▶ [Task to carry out]:
Output each line of the data below exactly, omitting any image.

▶ [Dataset content]:
———

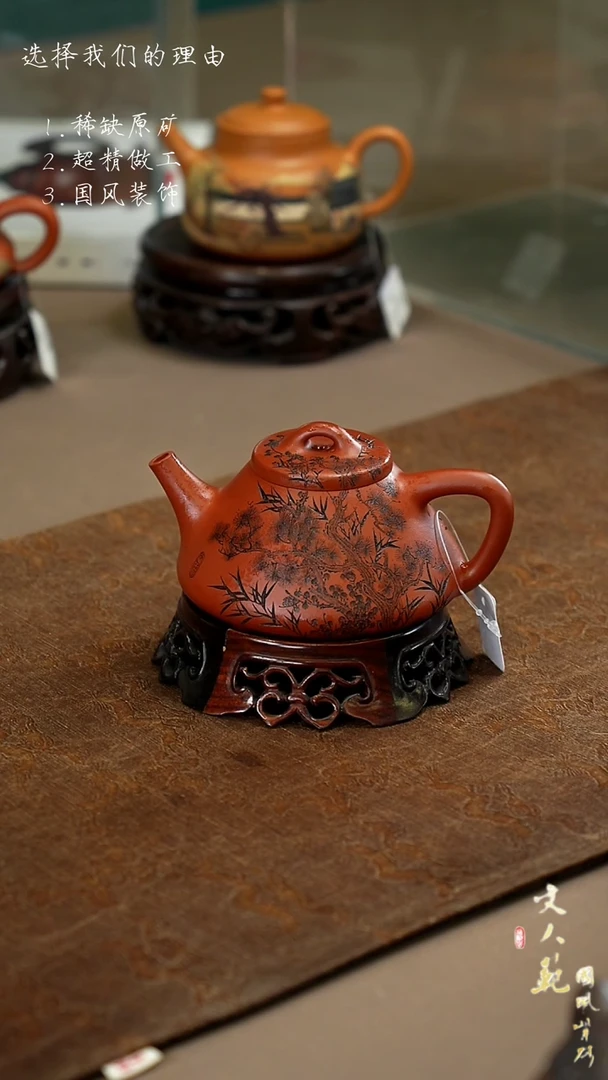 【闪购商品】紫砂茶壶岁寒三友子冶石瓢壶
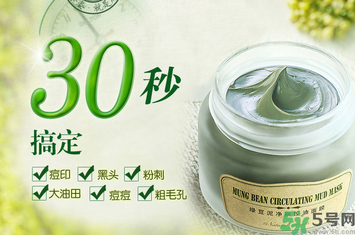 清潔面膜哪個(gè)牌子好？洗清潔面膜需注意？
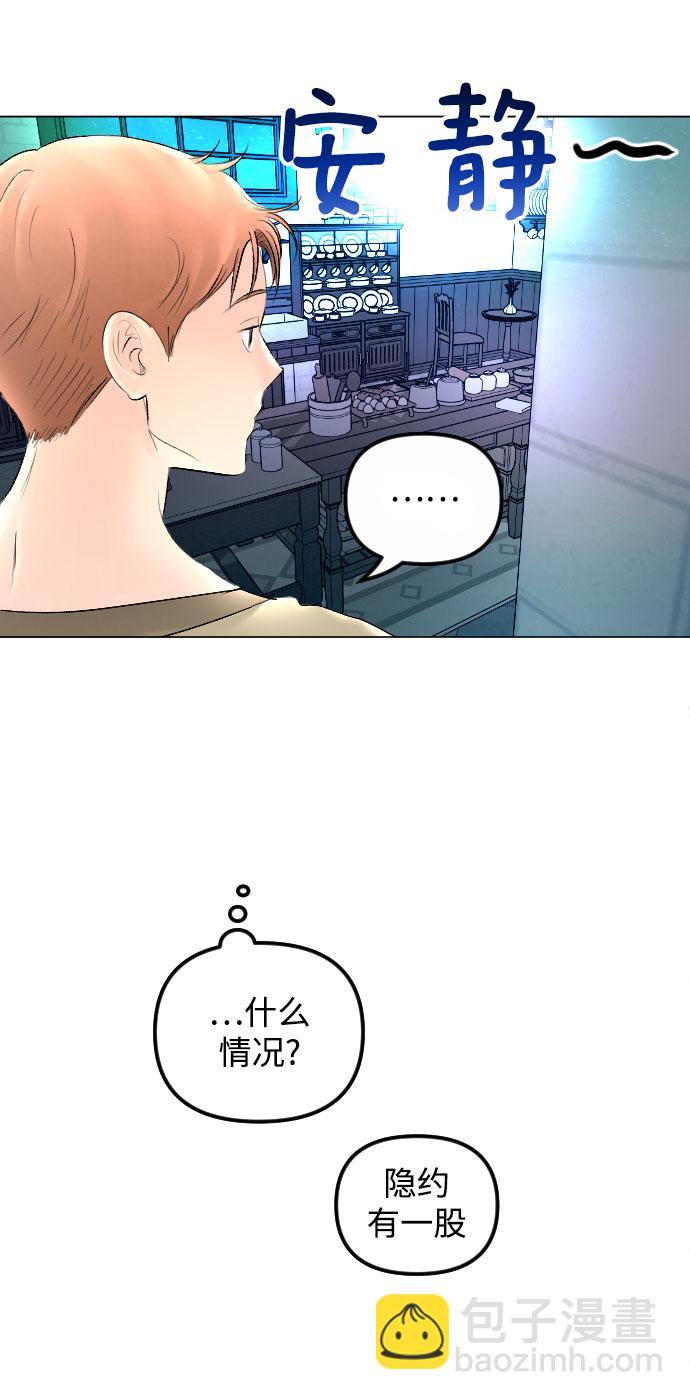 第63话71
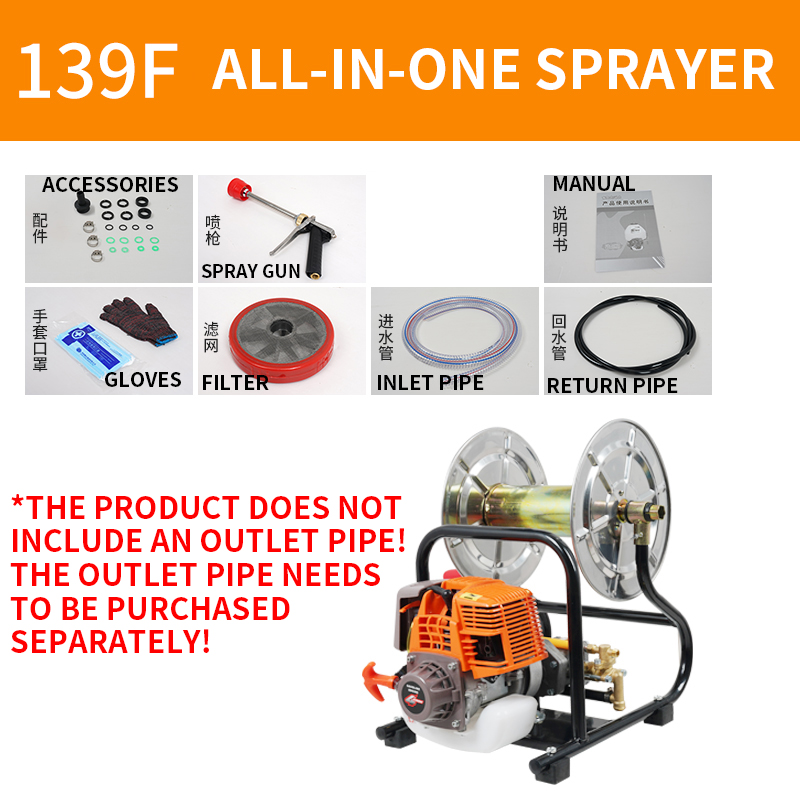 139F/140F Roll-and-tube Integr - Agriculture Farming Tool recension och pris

———

▶ [Solution to the problem]:
 【闪购商品】紫砂茶壶岁寒三友子冶石瓢壶
 清潔面膜哪個(gè)牌子好？洗清潔面膜需注意？
 第63话71
 139F/140F Roll-and-tube Integr - Agriculture Farming Tool recension och pris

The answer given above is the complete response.